DKC is a public relations firm based in New York, New York. The firm has offices in New York, Washington, D.C., Chicago, Los Angeles, San Francisco, and Century City. Sean Cassidy is the firm's president. Its clients include LinkedIn, Airbnb, Yahoo!, Delta Air Lines, the Children's Health Fund, Citi and the New York Road Runners/New York City Marathon.

DKC was established in 1991 by Dan Klores, who remains the firm's chairman.

==History==
DKC was founded as Dan Klores Associates in 1991 by Dan Klores. Klores had worked at Howard J. Rubenstein Associates, which was the most influential public relations firm in New York City. Dan Klores Associates was renamed Dan Klores Communications in 2001.

In November 2012, the firm started a new event marketing division.

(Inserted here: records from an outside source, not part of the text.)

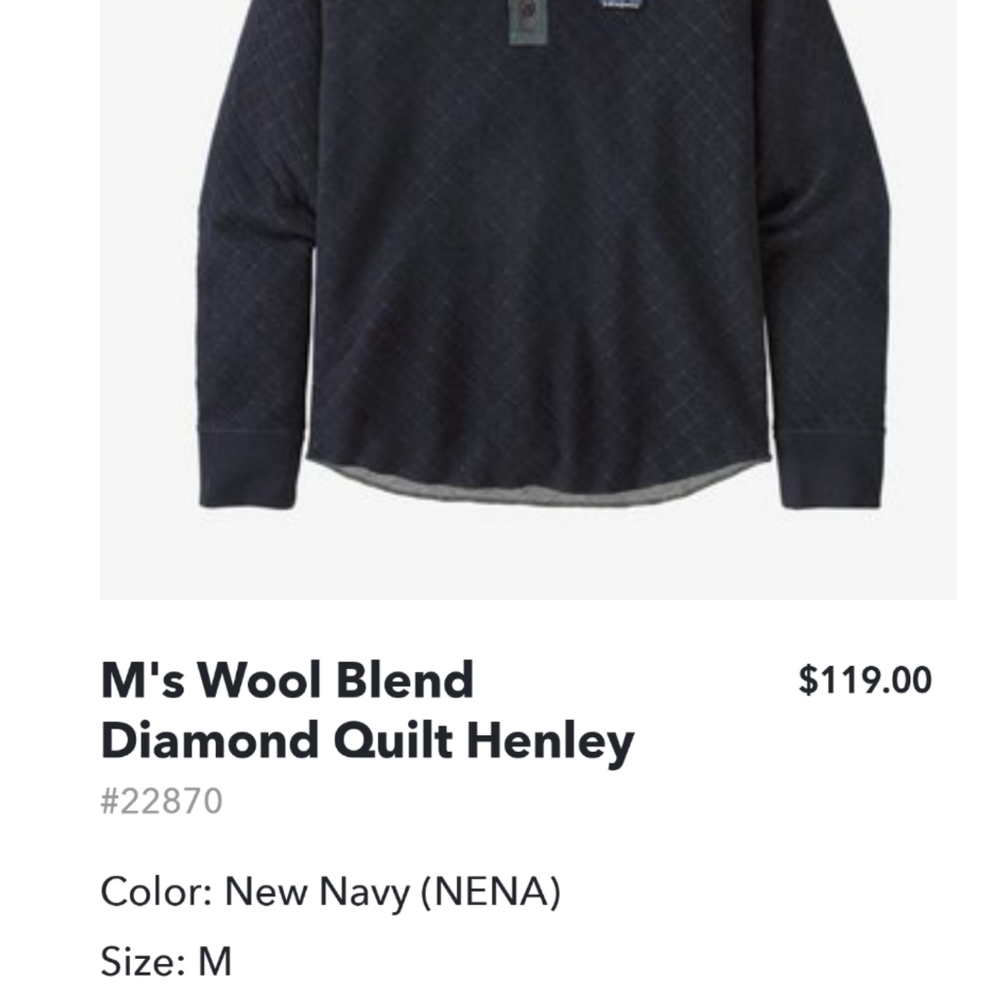 Patagonia M's Wool Blend Diamond Quilt Hanley - Picture 4 of 5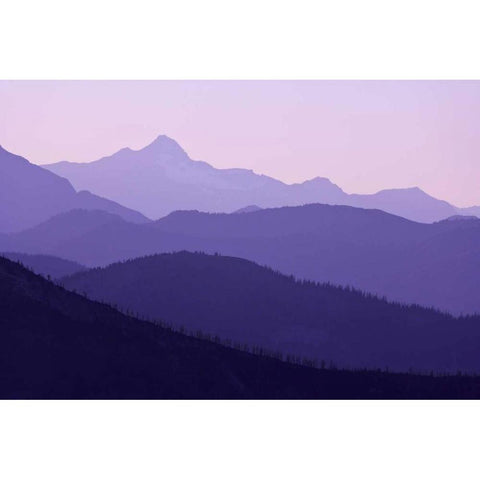 WA, Pasayten Wilderness Sunset on mountains Black Modern Wood Framed Art Print by Paulson, Don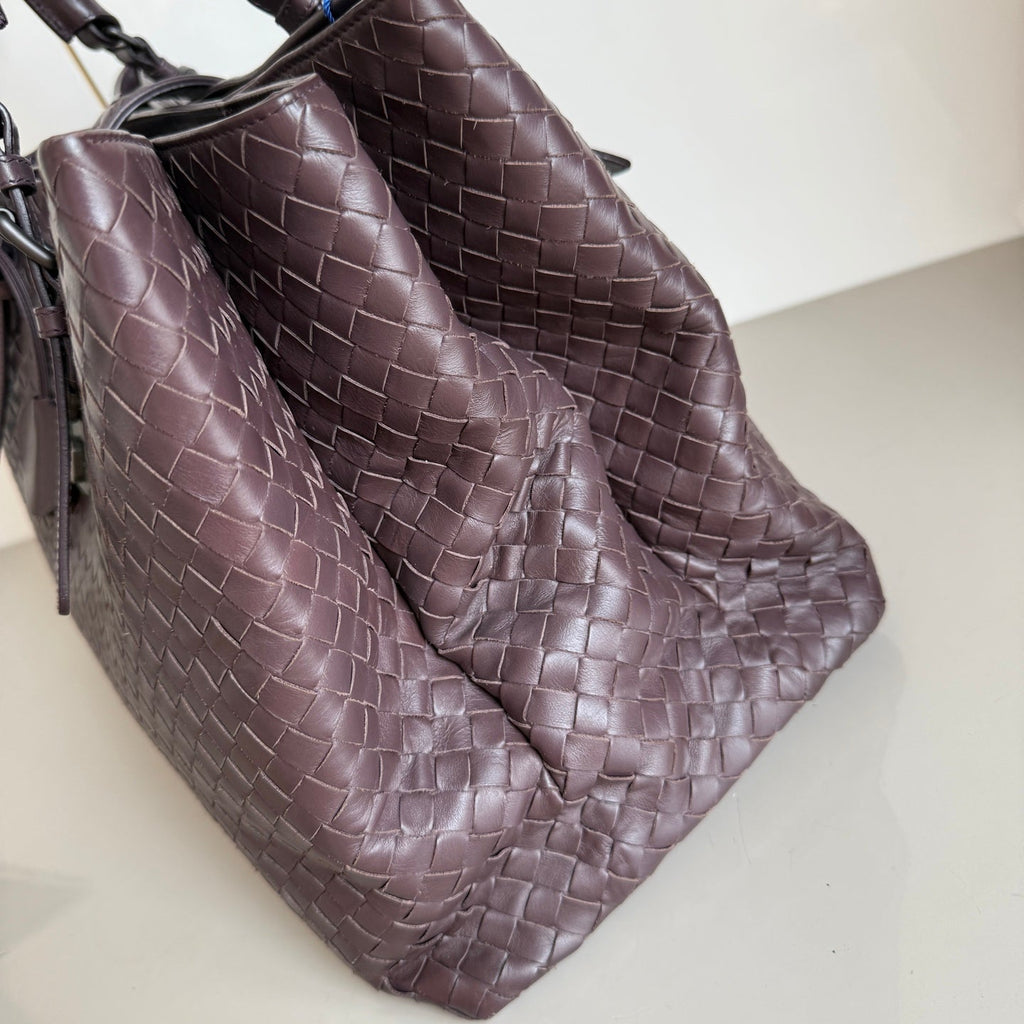 Bottega Veneta Roma Large Intrecciato Nappa Leather Dark Brown 35cm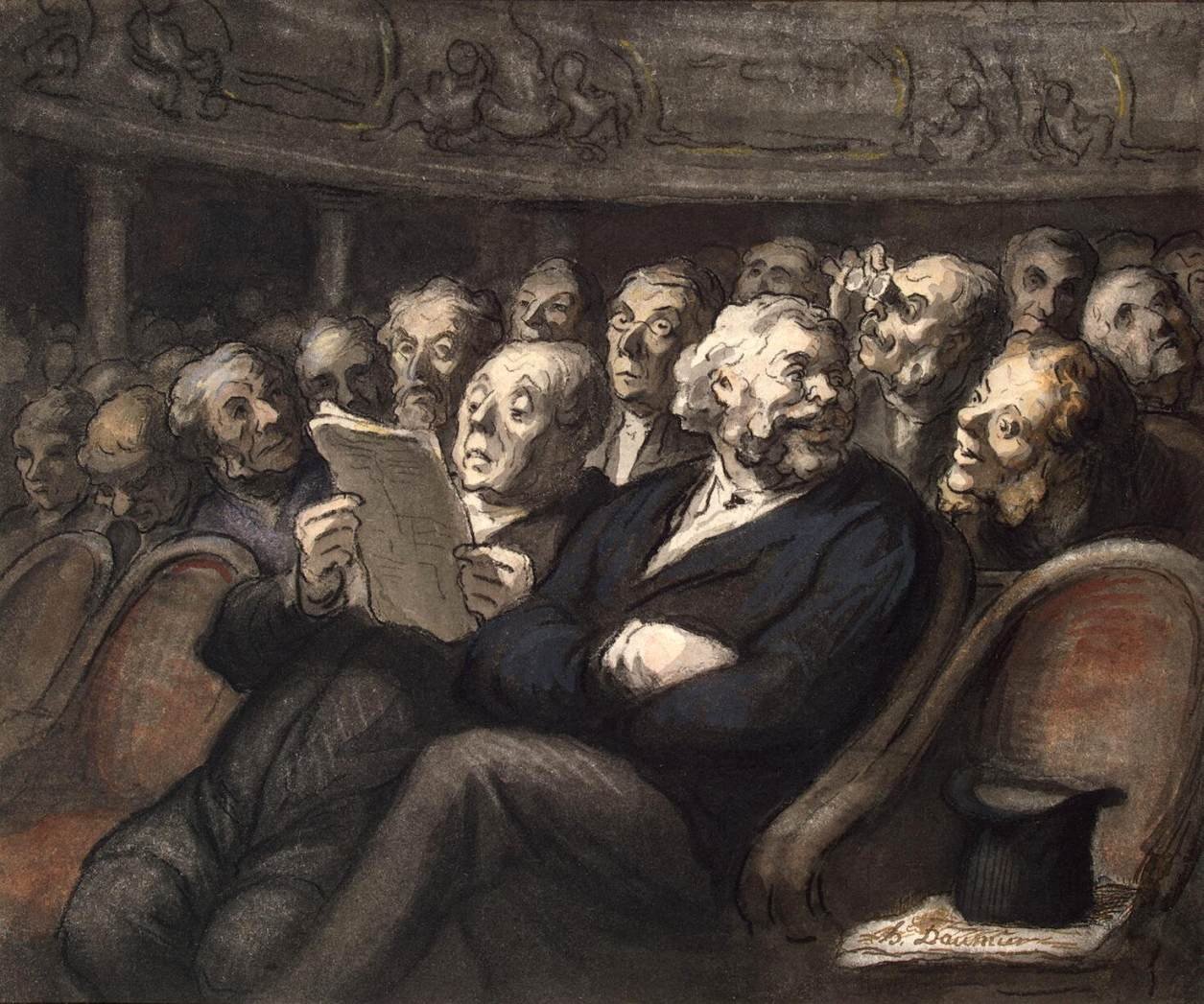 Pause i Comédie Française af Honoré Daumier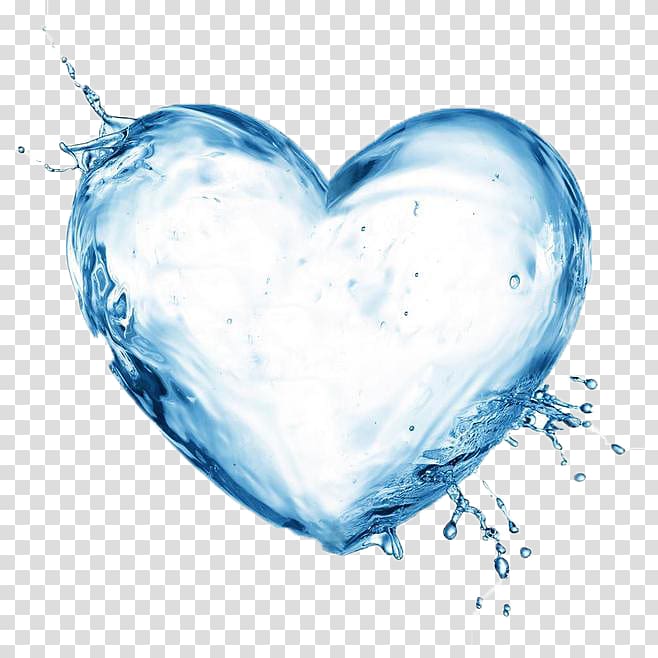 heart-shaped water illustration, Water Filter Water ionizer Health Drinking water, Heart-shaped water droplets transparent background PNG clipart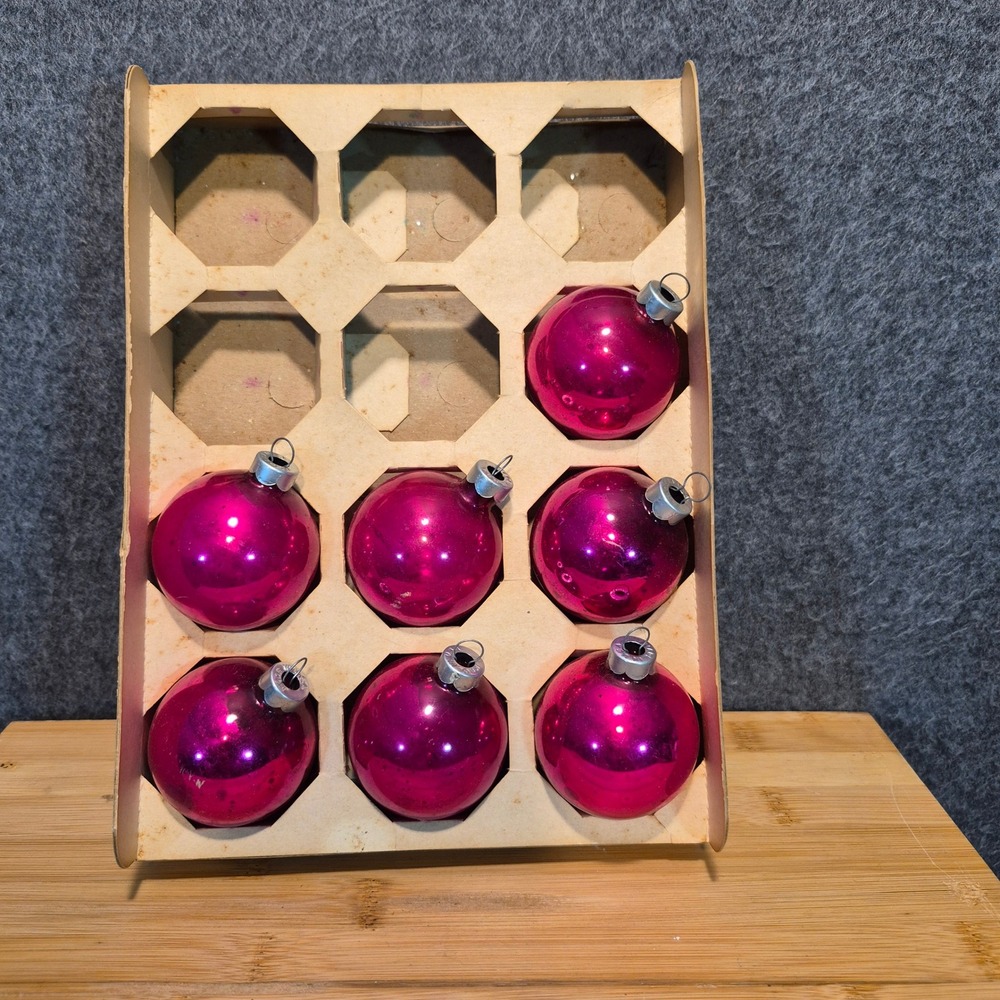 7 Vintage Coby MCM Hot Pink Glass 2" Ball Christmas Ornaments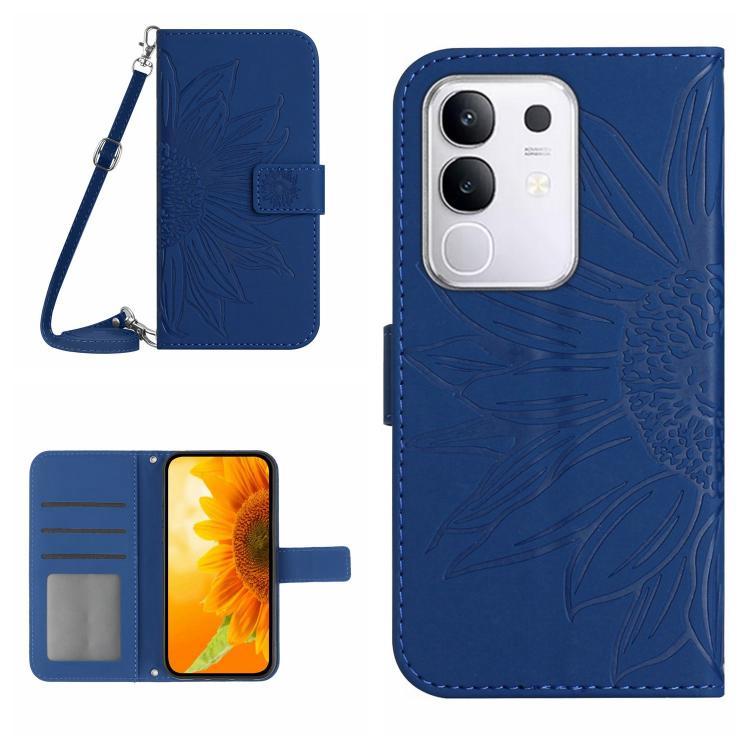 Skin Feel Sun Flower เคสโทรศัพท์หนังพลิกลายนูนพร้อมเชือกเส้นเล็ก, For vivo Y39 5G Global, For vivo V50 Lite 5G, For vivo Y04 4G / Y29s 5G, For vivo Y29 4G Global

DKC began expanding its branch on the West Coast of the United States in May 2013. In June 2013, Jeffrey Lerner, the former political director of the Democratic National Committee, joined DKC as Executive Vice President. DKC was recognized on the Forbes list of "8 Of The Best Influencer Marketing Campaigns From 8 Hot Agencies." In September 2013, DKC formed a joint venture with JCIR. The firm appointed Joe Quenqua as executive vice president and director of entertainment in November 2013.

DKC opened an office in San Francisco in 2014. Ella Robinson joined DKC as senior vice president of the firm's entertainment group in August 2014. The firm also appointed Molly Currey to its Chicago office as Executive Vice President and head of Consumer Goods Practice.

In 2023, DKC opened a new West Coast office in Century City.